Perestroika, nous voilà !
Le film sort en 1989 et fait scandale en URSS aussi bien au sein de la critique spécialisée que de la masse des spectateurs russes. On les comprend : La petite Véra est de ces films qui rompent violemment avec les canons du cinéma soviétique de l'époque et qui marquent de manière fracassante l'influence du glastnost et de la perestroika au sein de celui-ci.
C'est loin d'être le premier bien sûr à porter sur la société soviétique un regard acerbe ou à affirmer une aspiration à un changement (qu'on se rappelle des géniaux Pigeon Sauvage et Assa de Sergei Solovyov). En revanche, il est peu probable que ce soit avec le degré de violence de cette Petite Véra qui est perçue dans le cinéma russe comme une petite révolution.
Le premier plan du film annonce déjà le ton. La caméra panoramique filme les tours désertées et mal entretenus où s'entassent des centaines de russes ... La tonalité est au naturalisme social rugueux. Les premières minutes du film, et sa mise en scène ^pseudo-documentaire, à l'arrache, cadrée approximativement, ne vient pas de démentir ce postulat que l'on sent lourdement vériste quant à la société russe de cette fin des années 80.
La première heure de film évoque beaucoup (ou annonce plutôt) la filmographie d'un Larry Clark (en moins hardcore bien sûr). Parents démissionnaires et alcooliques, jeune héroïne désinvolte, drogues, sexualité marquée ...etc. D'ailleurs, je crois bien que c'est le premier film soviétique à représenter la sexualité de manière frontale (pas de pipes en gros plan, non, mais des seins en veux-tu, en voilà, et une vraie scène de coït) dans un cinéma soviétique alors franchement frileux en nudité. C'est peut-être aussi pour cela que le film a fait l'effet d'une bombe à sa sortie en Russie.

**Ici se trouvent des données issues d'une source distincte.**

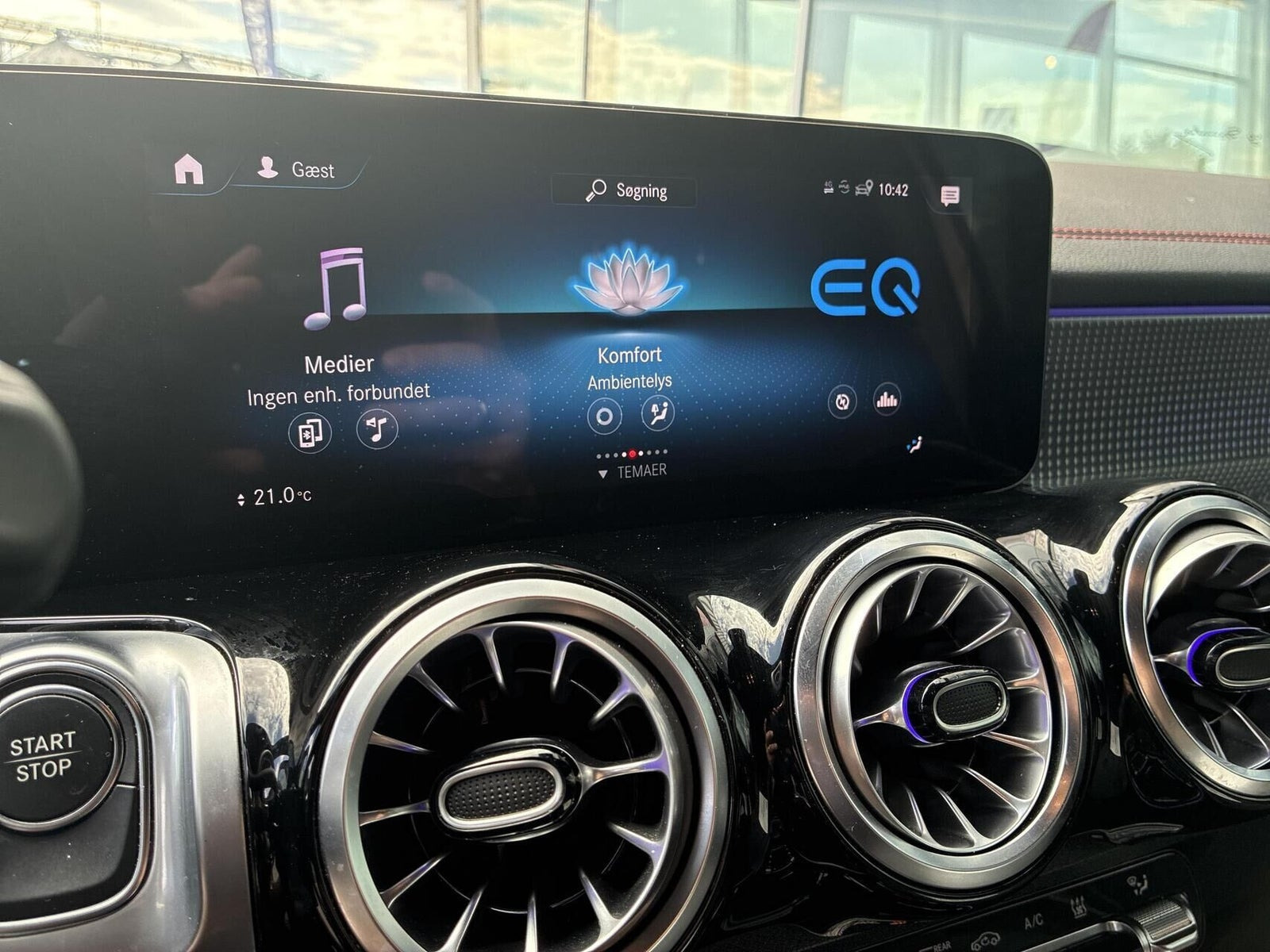 Sort Mercedes EQB250+ fra 2023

Bref, toute cette première partie est assez déterministe, le naturalisme social à l'oeuvre est franchement pesant, et le tableau dressé pas des plus réjouissants.
Le reste du film est bien plus intimiste et semble s'éloigner du "sordide" (tout est relatif, on n'est pas non plus devant un film purulent à la Lilya-4-ever) et de la subversion un tantinet gratuites du début. Puchil parvient même à atteindre des moments de grâce aussi fugaces qu'inattendus.
LE point positif du film, à mes yeux, c'est le personnage de Véra qui, de jeune fille désinvolte assez énigmatique, se transforme, avec la naissance du sentiment amoureux, en une femme touchante et à fleur de peau, confrontée à des dilemmes moraux cornéliens qui ne la laisseront pas indemnes. L'évolution du personnage se fait d'ailleurs tout en subtilité et il faut ici saluer le talent insoupçonné au début du film d'une actrice qui se sert de la vulgarité apparente de son personnage pour le dévoiler plus en profondeur.
Mais la maladresse du film reste présente entre deux belles scènes. Et entres deux courts moments de poésie du quotidien, on doit supporter des disputes de famille aussi vulgaires qu'exagérées. Dans ses pires passages, le film m'a d'ailleurs évoqué tristement le A nos Amours de Pialat (oui, j'adore ce que fait ce cher Maurice mais je ne peux pas blairer ce film). Et il y a quand même ce vérisme lourd qui continue à pointer et à accuser, en creux ... Le plan final, pseudo-documentaire comme le premier, le confirme.